Stellar Recovery Unveils New Website

JACKSONVILLE, Fla. — Stellar Recovery is pleased to announce the unveiling of its new leading edge website that went live Monday, August 8.  The new website offers consumers a very robust and user friendly method of interacting with Stellar Recovery for all of their needs.  Kim Harvey, EVP of Client Services and Administration said “The new site gives consumers a variety of options to contact us when it is convenient for them, using whatever method they are most comfortable with.”  Kim added “consumers will be able to negotiate payments for their account on-line, easily make payments, and get information about their debt by using the Contact Us page.”

The user friendly website also gives consumers the ability to submit any dispute or complaint directly to the company for quick resolution.  Garrett Schanck, CEO, commented, “We built this web site to enhance the customer experience by giving them the most user friendly way to contact us, or self-serve using the full suite of options for customer interaction.  We want to allow consumers to interact with us using a method of their choice, and our new web site enables them to do that.”

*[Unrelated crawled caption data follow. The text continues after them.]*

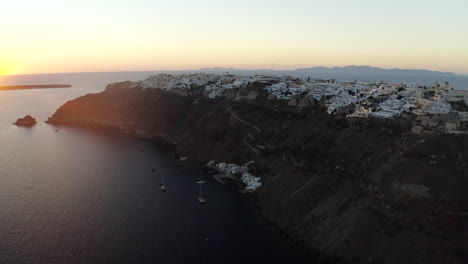 Oia-Santorini-island-sunset-drone-shot-overlooking-white-buildings-and-the-sea,-Greece-in-4K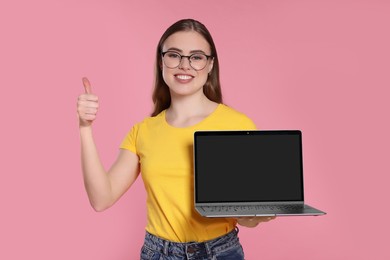 Photo of Happy woman with laptop showing thumb up on pink background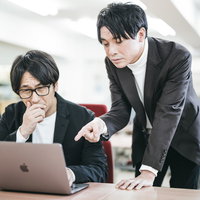 部下の失態をパソコン画面で指摘する上司の厳しい表情の写真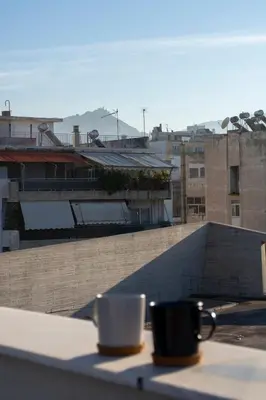two coffee cups sitting on a table on a balcony at Studio with Acropolis View at Platia Avdi in Athens
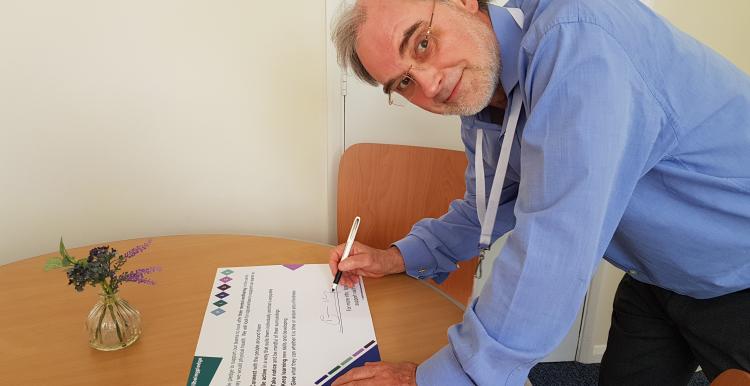 David N Jones, Chair of Healthwatch Northamptonshire, signing the wellbeing pledge.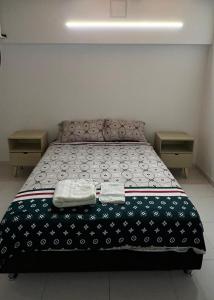 a bedroom with a bed with two towels on it at Apartamento comodo in Cali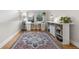 Office features an area rug, a large desk, natural lighting, and hardwood floors at 8535 E Otero Cir, Centennial, CO 80112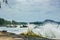 High tide waves flood over beach wall, Phuket, Thailand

Stellar Recovery expects to see contact rates increase leading to more revenue and fewer complaints for Stellar and their clients.  The goal is to give consumers an exceptional customer experience with every interaction.  The website’s payment portal will be upgraded in the coming weeks to give straightforward payment options that are easy to understand and execute, while maintaining the strictest security standards.  Stellar will also launch its mobile website within a week, which allow consumers to pay via hand held devices. In today’s compliance driven environment, the easier it is for a consumer to self-serve the more cost effective and compliant each transaction will be.

Stellar Recovery, Inc. is located in Jacksonville, FL.  Please visit the new website at www.stellarrecoveryinc.com.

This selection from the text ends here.